• [TASK TO COMPLETE] From the data below, set down exactly the lines between the one holding "Schwarze Rolltasche mit" and the one holding "Black W/White Lava Haeger Vase", inclusive, and no others.

---------- RECORDS FOR THE EXERCISE

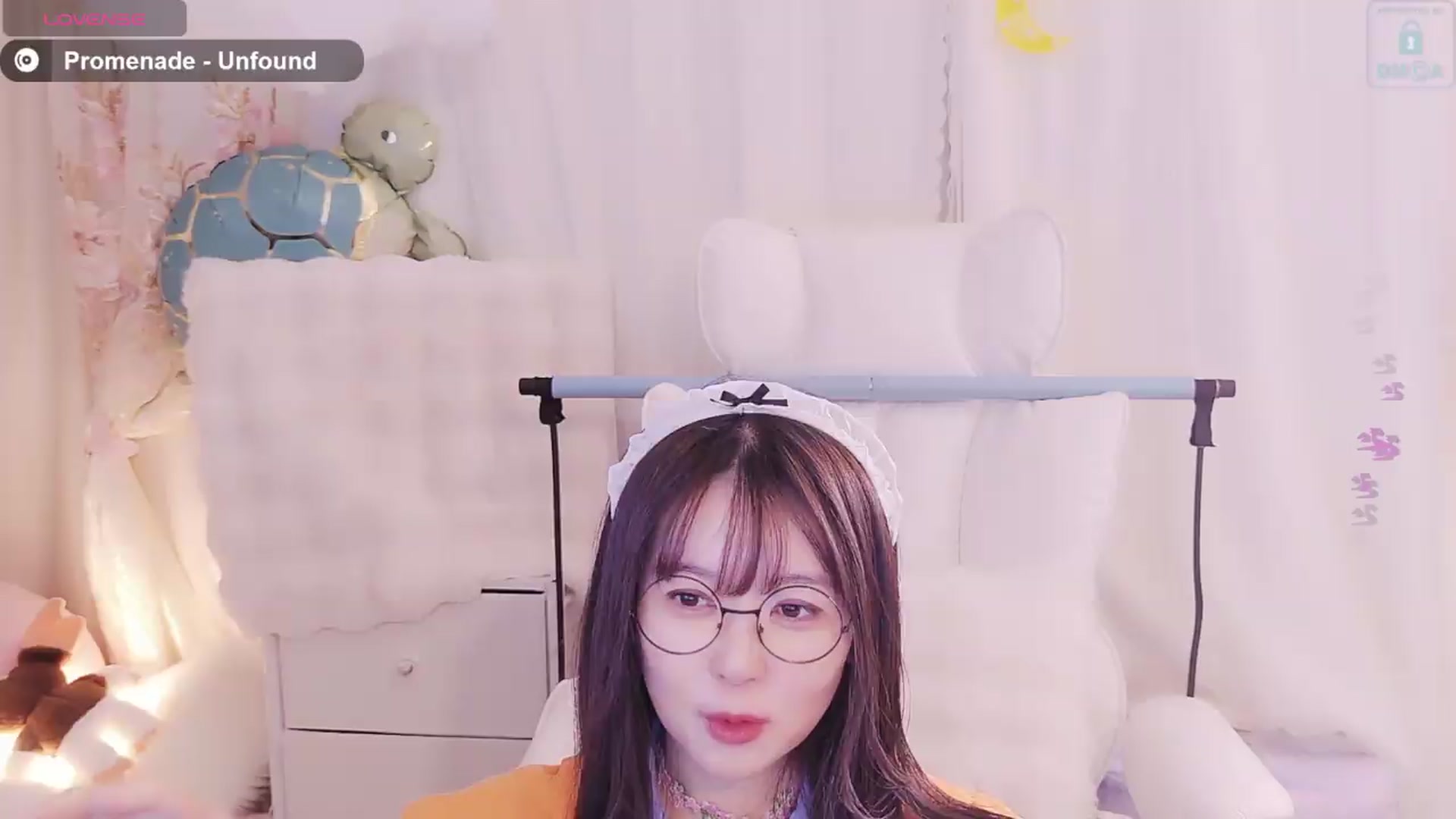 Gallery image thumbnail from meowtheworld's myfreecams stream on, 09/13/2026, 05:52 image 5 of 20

--------------------
---------- RECORDS FOR THE EXERCISE

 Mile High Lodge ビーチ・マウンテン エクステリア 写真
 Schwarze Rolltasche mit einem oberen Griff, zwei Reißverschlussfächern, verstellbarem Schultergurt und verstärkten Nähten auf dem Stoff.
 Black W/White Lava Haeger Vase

--------------------

• [RESPONSE]
 Schwarze Rolltasche mit einem oberen Griff, zwei Reißverschlussfächern, verstellbarem Schultergurt und verstärkten Nähten auf dem Stoff.
 Black W/White Lava Haeger Vase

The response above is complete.